◆ Exercise ◆
Could the data below be printed out exactly, with the pictures left out?

Dataset excerpts
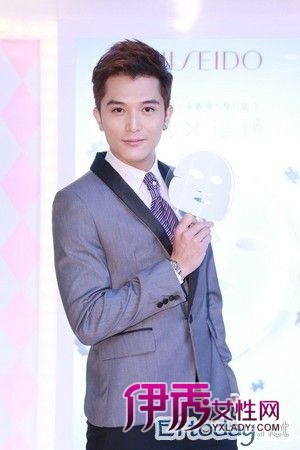 邱泽承认曾恋唐嫣:原谅我无法公诸于世_大陆星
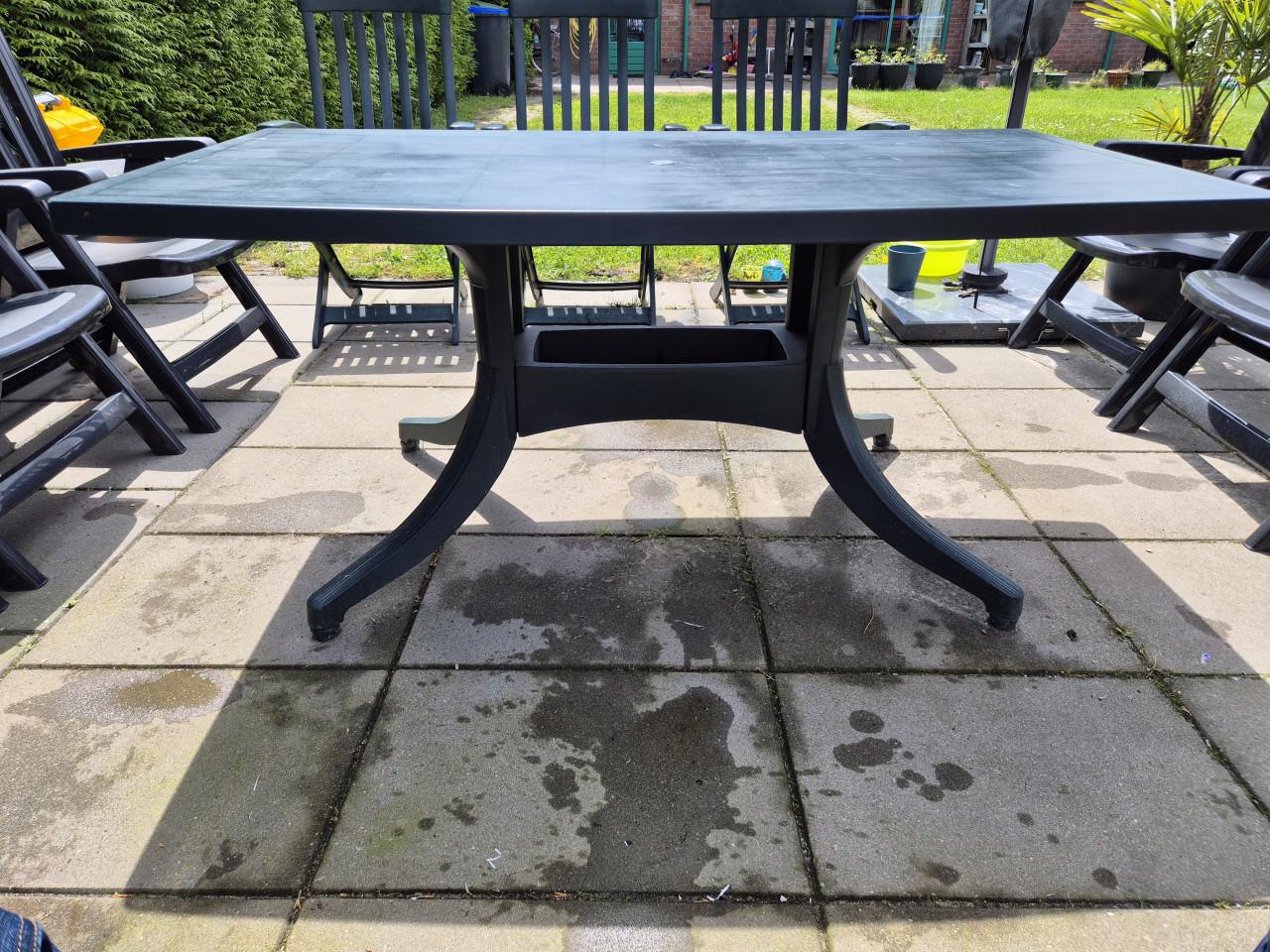 Set 3 Tuinstoelen, kussens en 1 tafel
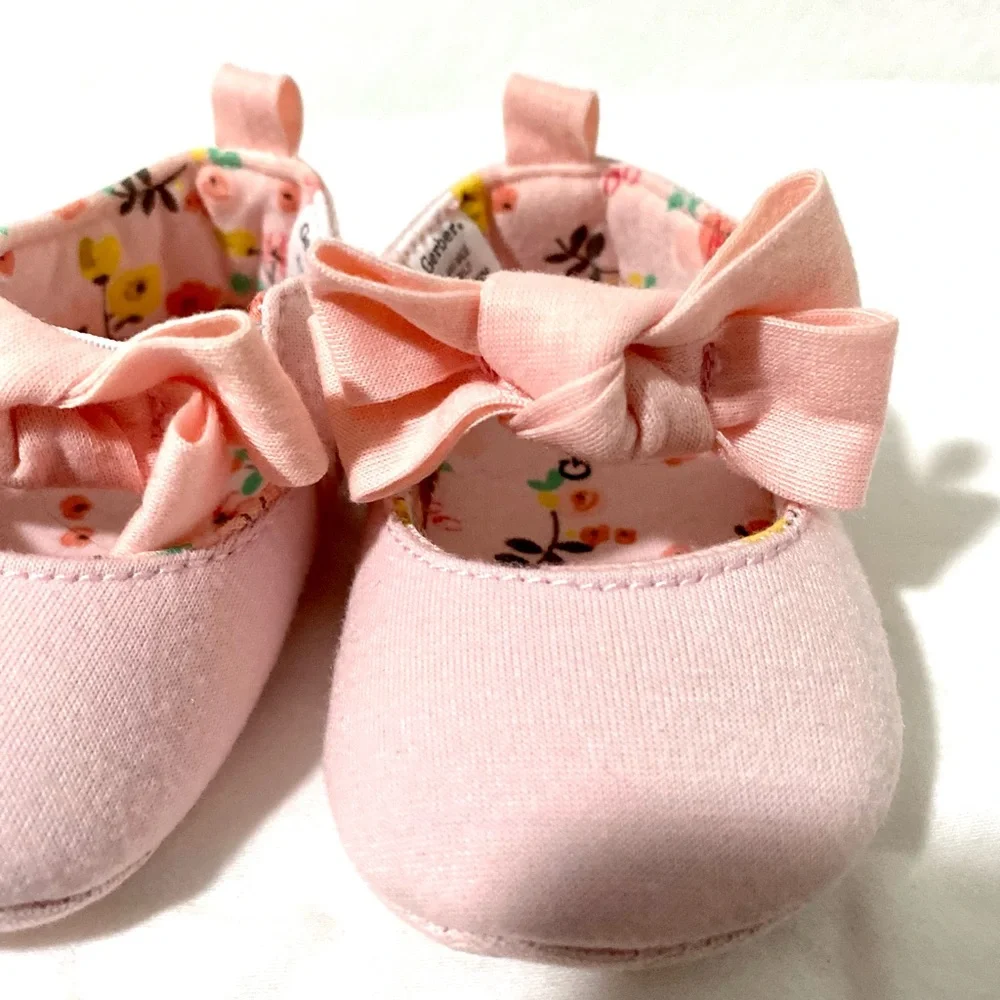 GERBER Baby Girl’s Jersey Pink Crib Shoe with Bow. Size 0-3 Months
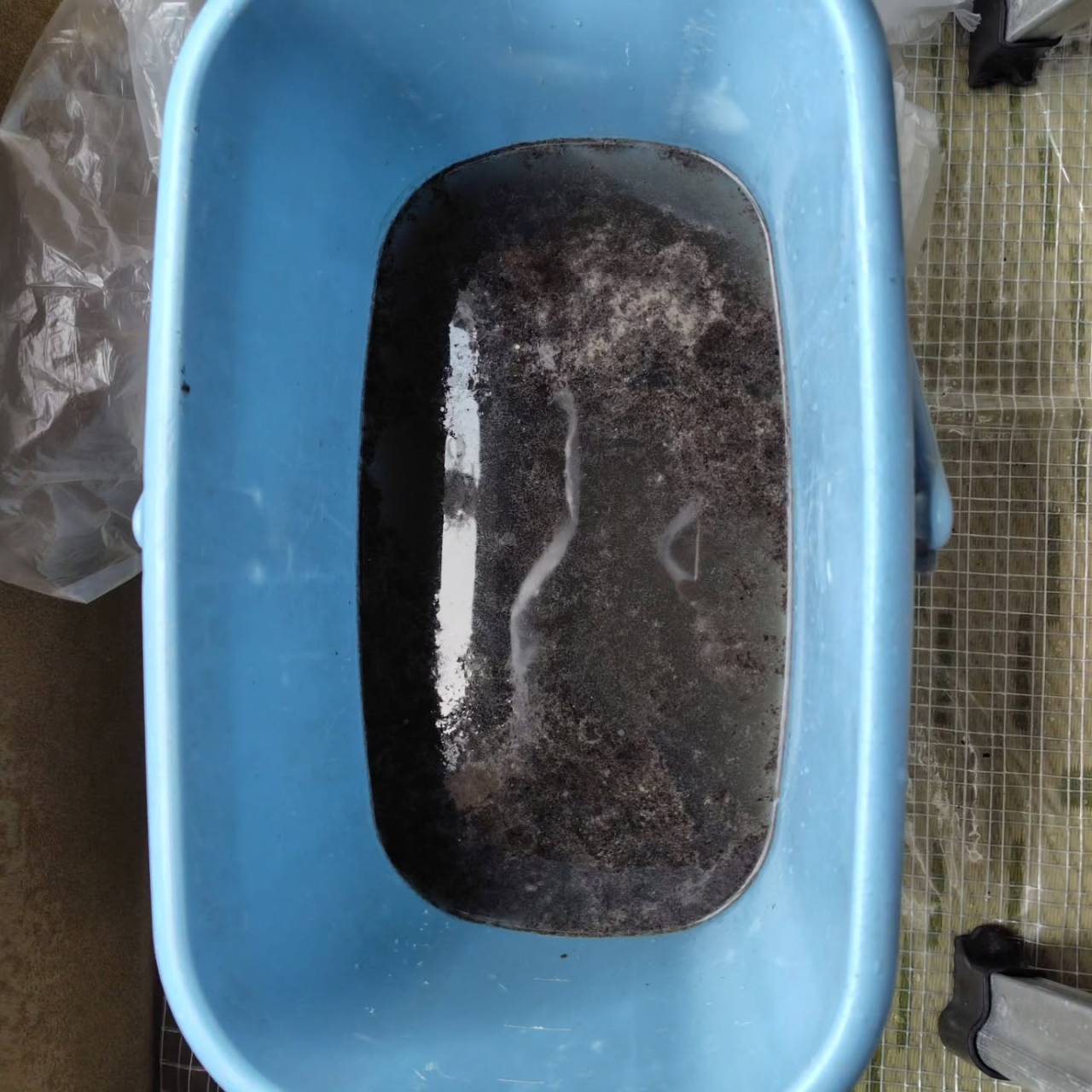 日頃から信頼していただいている電気店様からエアコンの洗浄依頼...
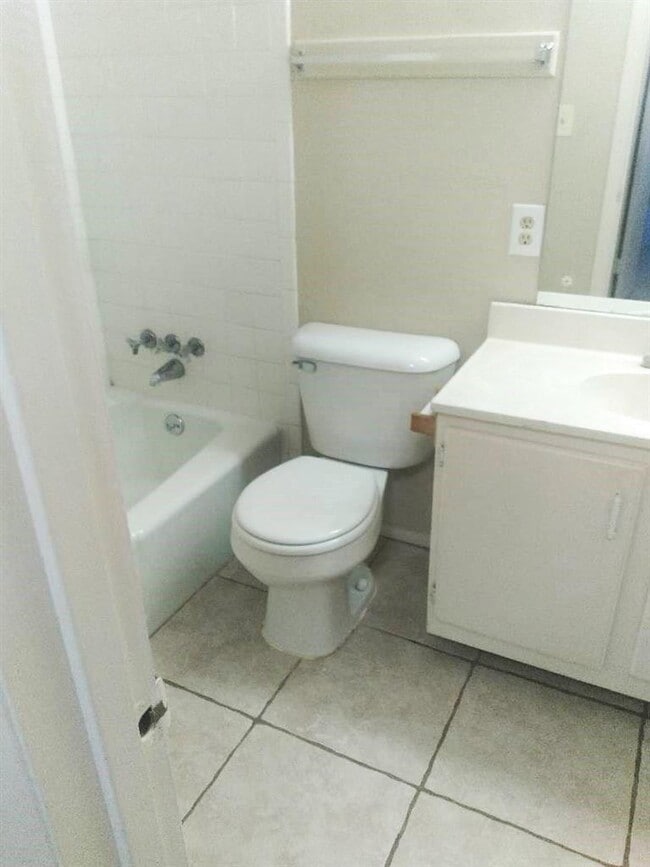 Building Photo - 7011 SW Westchester Cir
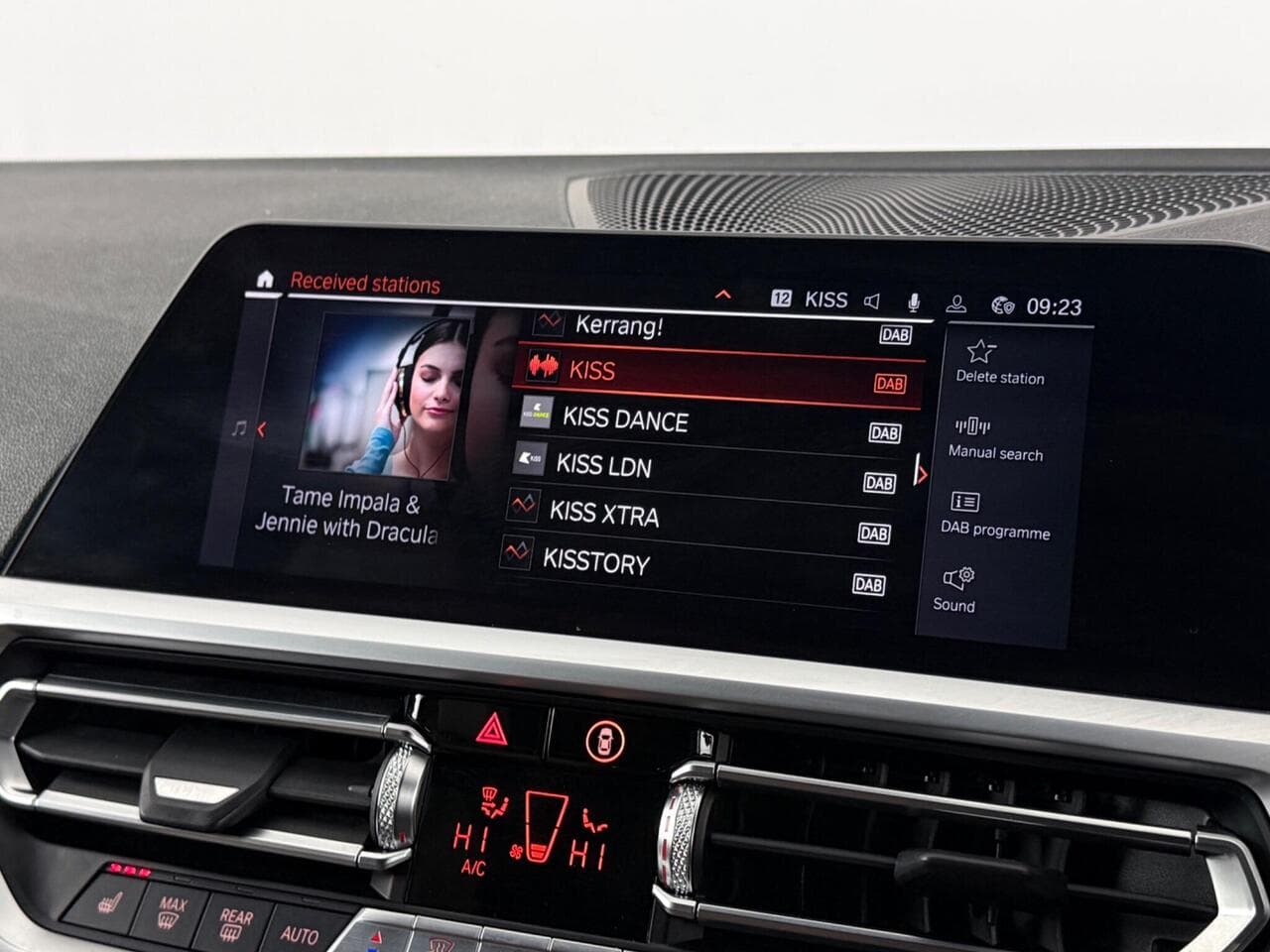 BMW 3 Series thumbnail Infotainment System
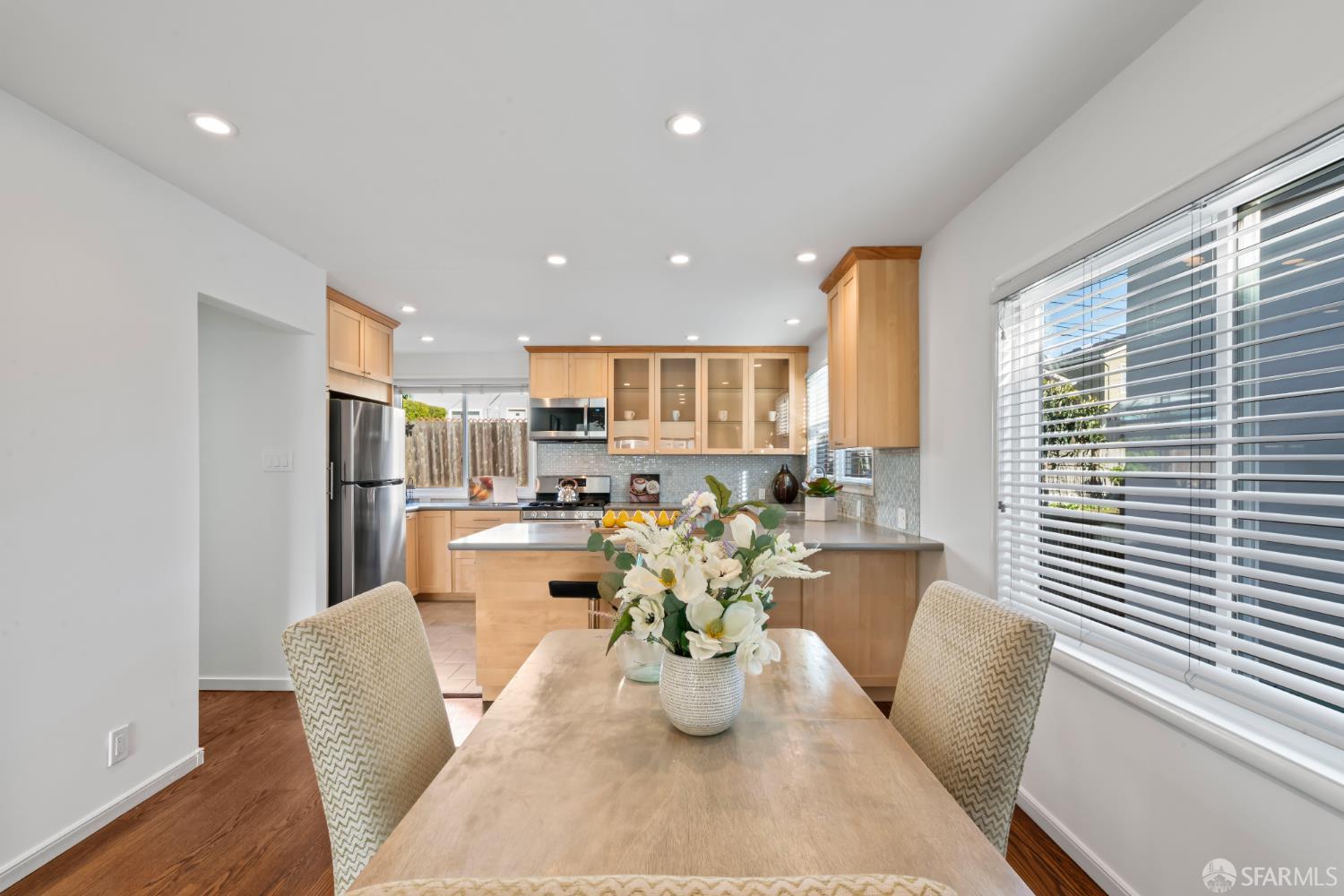 Detail Gallery Image 10 of 29 For 32 Lake Forest Dr, Daly City,  CA 94015 - 2 Beds | 2 Baths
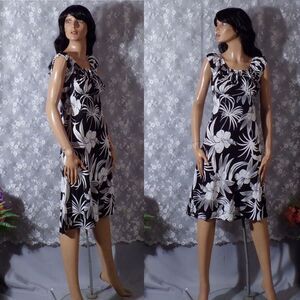 Vintage Y2K Dress 2000s Black & White Hibiscus Floral Hawaiian Summer Size Small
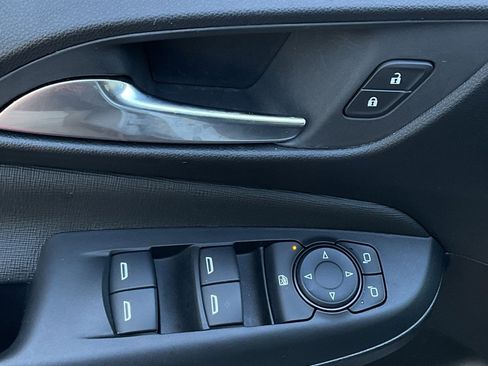 Used 2025 Buick Envista Preferred image 12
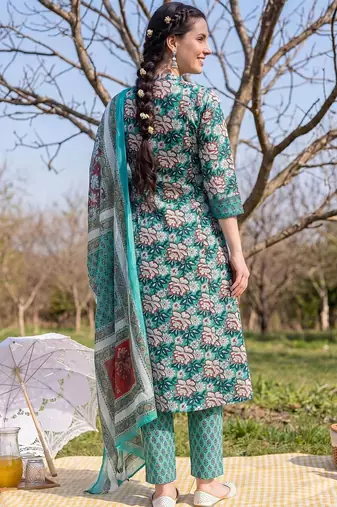 Women Floral Printed Regular Pure Cotton Kurta with Trousers & With Dupatta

◆ Result of this task ◆
 邱泽承认曾恋唐嫣:原谅我无法公诸于世_大陆星
 Set 3 Tuinstoelen, kussens en 1 tafel
 GERBER Baby Girl’s Jersey Pink Crib Shoe with Bow. Size 0-3 Months
 日頃から信頼していただいている電気店様からエアコンの洗浄依頼...
 Building Photo - 7011 SW Westchester Cir
 BMW 3 Series thumbnail Infotainment System
 Detail Gallery Image 10 of 29 For 32 Lake Forest Dr, Daly City,  CA 94015 - 2 Beds | 2 Baths
 Vintage Y2K Dress 2000s Black & White Hibiscus Floral Hawaiian Summer Size Small
 Used 2025 Buick Envista Preferred image 12
 Women Floral Printed Regular Pure Cotton Kurta with Trousers & With Dupatta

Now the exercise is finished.